#### [Task to complete]
Apart from the images, every record below must be given again without alteration.

#### [Given entries]
◇ ◇ ◇ ◇

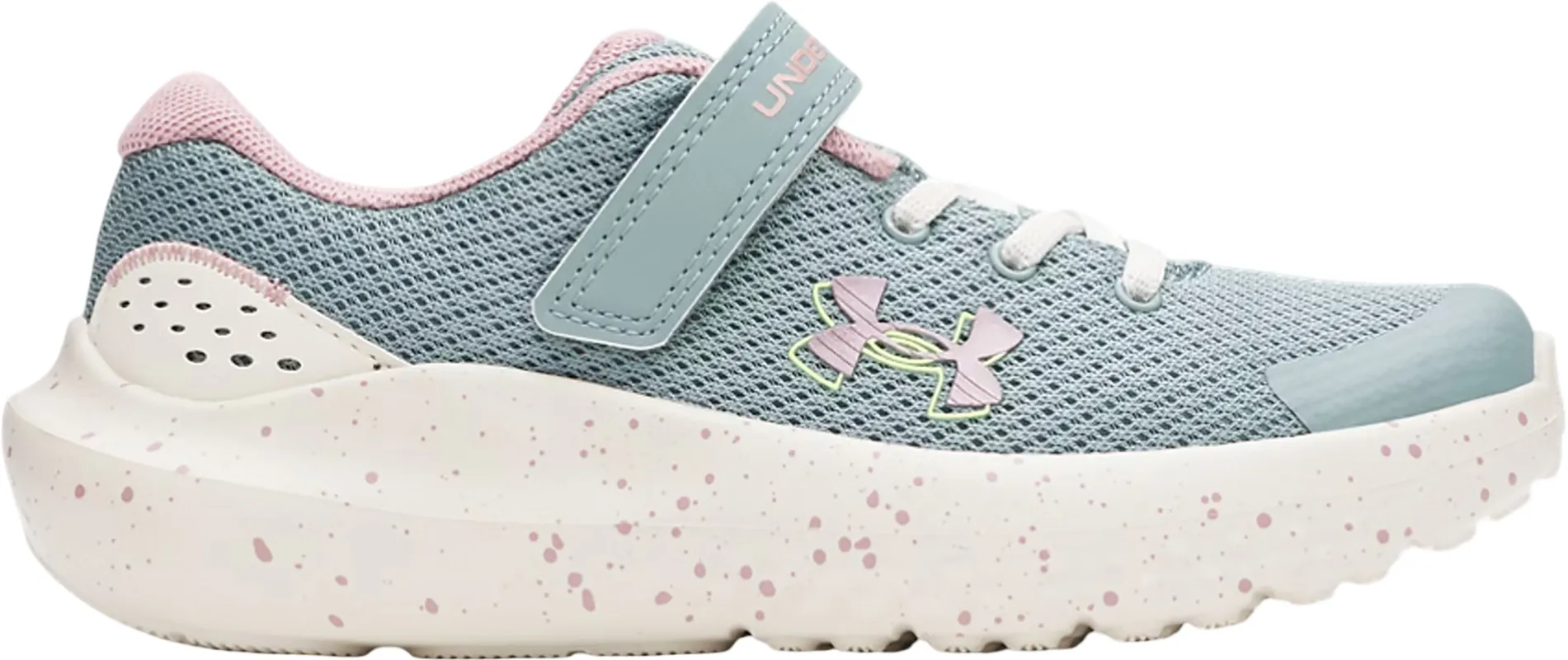 Pre-School UA Surge 4 ACShoes - Girls|-|SouliersPre-School UA Surge 4 AC - Fille sold by Altitude Sports
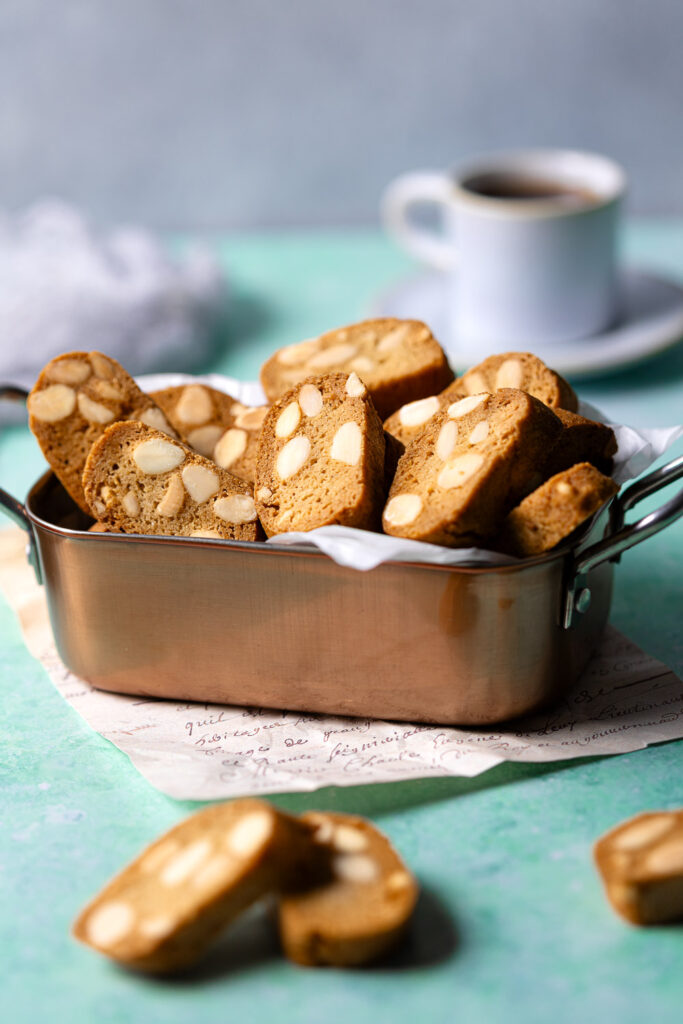 Keto Cantuccini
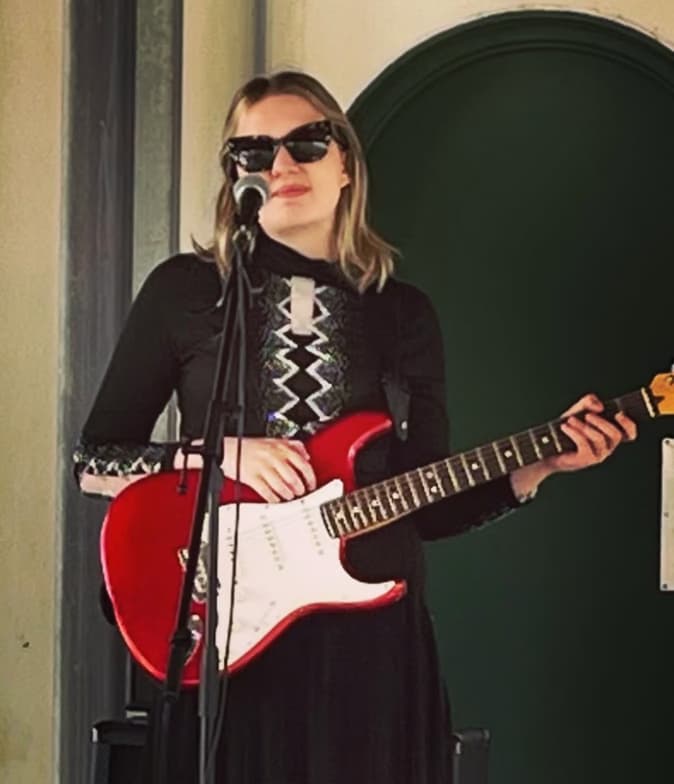 Profile photo of Angela, Singing tutor at Wiingy 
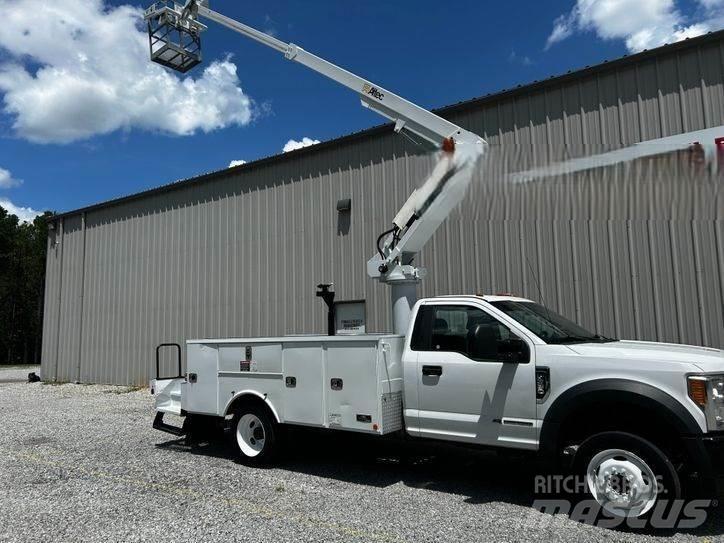 Ford F-550 Εναέριες πλατφόρμες τοποθετημένες σε φορτηγό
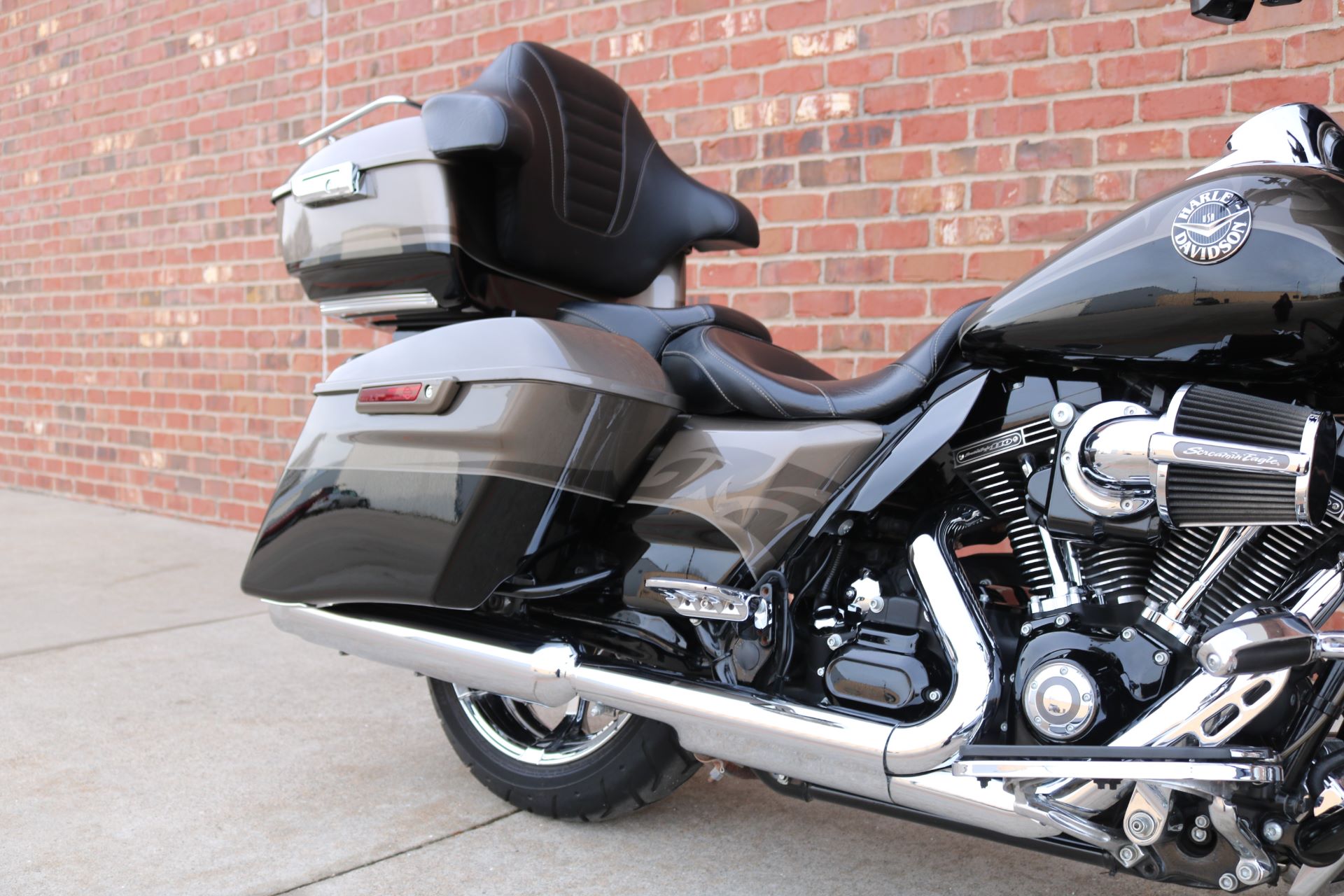 2014 Harley-Davidson CVO™ Road King® in Ames, Iowa - Photo 9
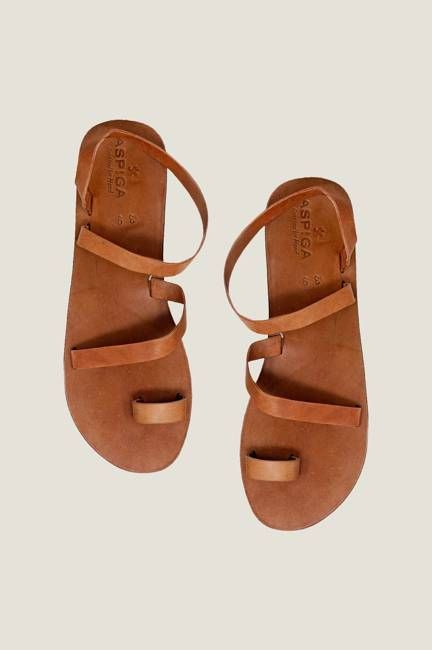 Leather Toe Ring Design Soft Sole Sandal | Tan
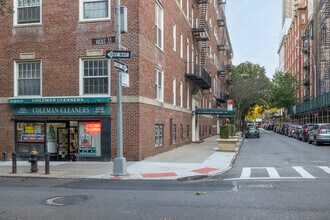 Hamilton House in Brooklyn, NY - Foto de edificio - Building Photo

◇ ◇ ◇ ◇

#### [Answer to this task]
 Pre-School UA Surge 4 ACShoes - Girls|-|SouliersPre-School UA Surge 4 AC - Fille sold by Altitude Sports
 Keto Cantuccini
 Profile photo of Angela, Singing tutor at Wiingy 
 Ford F-550 Εναέριες πλατφόρμες τοποθετημένες σε φορτηγό
 2014 Harley-Davidson CVO™ Road King® in Ames, Iowa - Photo 9
 Leather Toe Ring Design Soft Sole Sandal | Tan
 Hamilton House in Brooklyn, NY - Foto de edificio - Building Photo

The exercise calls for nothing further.